Collected material Start Marker

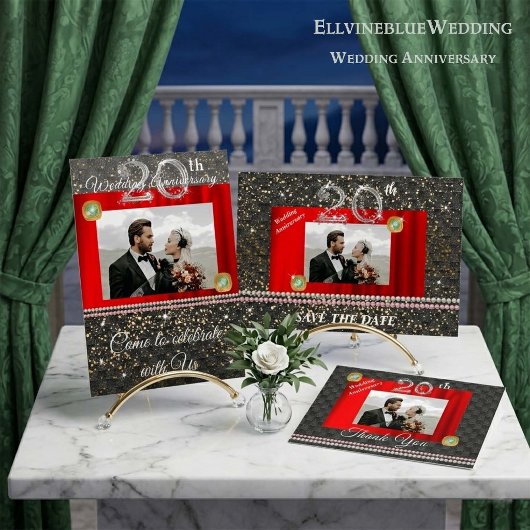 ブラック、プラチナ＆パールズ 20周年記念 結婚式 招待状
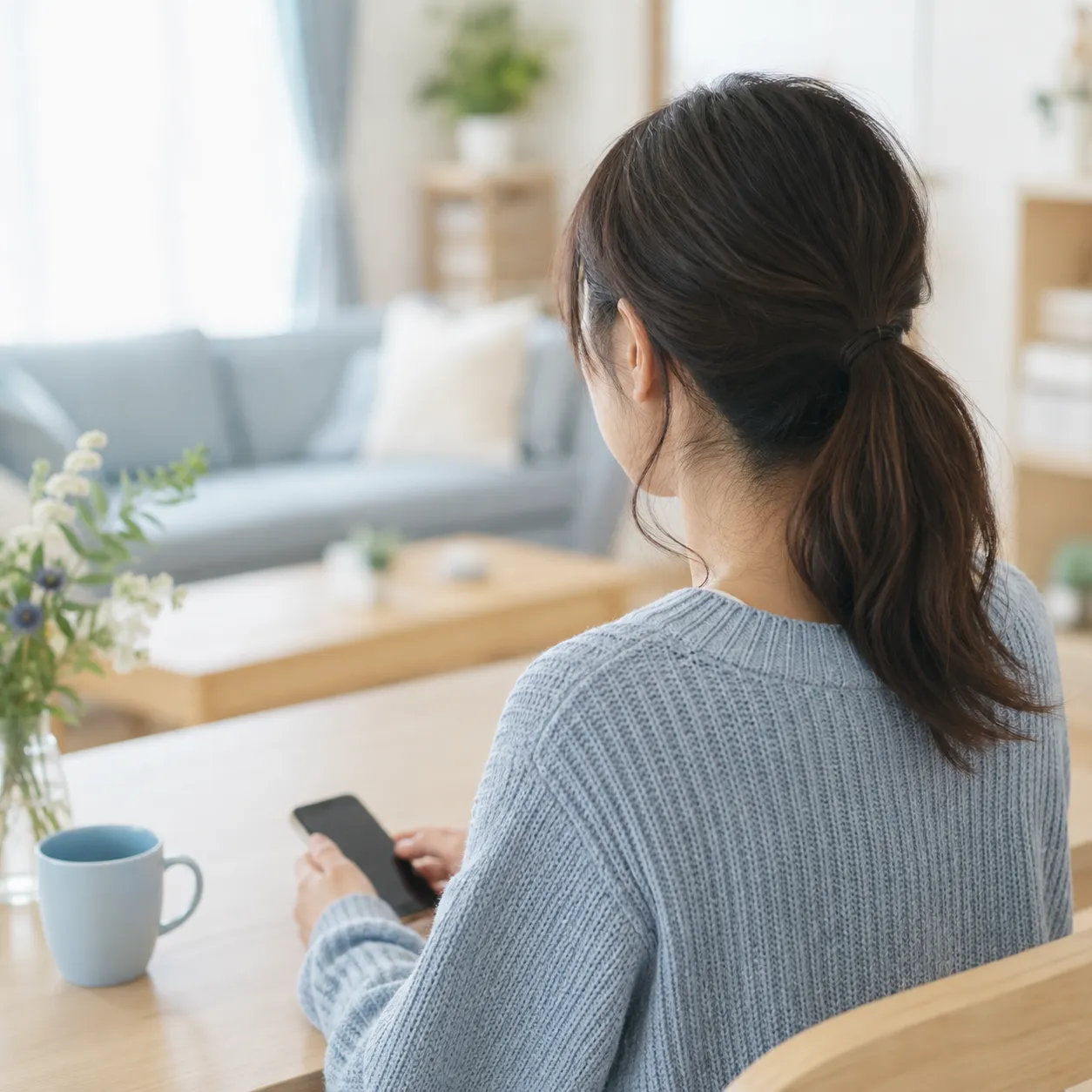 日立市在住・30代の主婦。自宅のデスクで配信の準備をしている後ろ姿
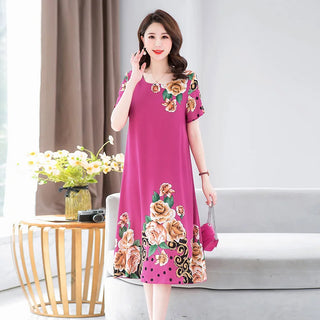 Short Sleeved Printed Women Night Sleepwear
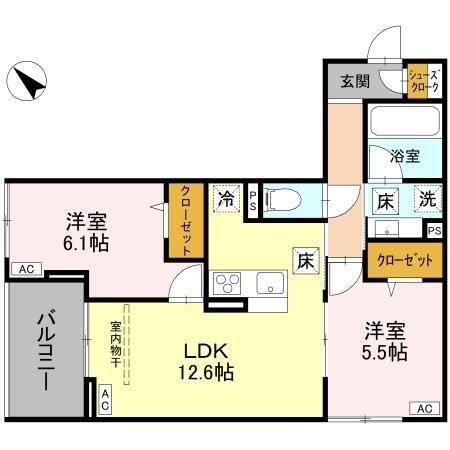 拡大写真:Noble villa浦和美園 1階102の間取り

Collected material End Marker

» **The problem**:
Apart from its pictures, the material above should be repeated exactly.

» **Final answer**:
 ブラック、プラチナ＆パールズ 20周年記念 結婚式 招待状
 日立市在住・30代の主婦。自宅のデスクで配信の準備をしている後ろ姿
 Short Sleeved Printed Women Night Sleepwear
 拡大写真:Noble villa浦和美園 1階102の間取り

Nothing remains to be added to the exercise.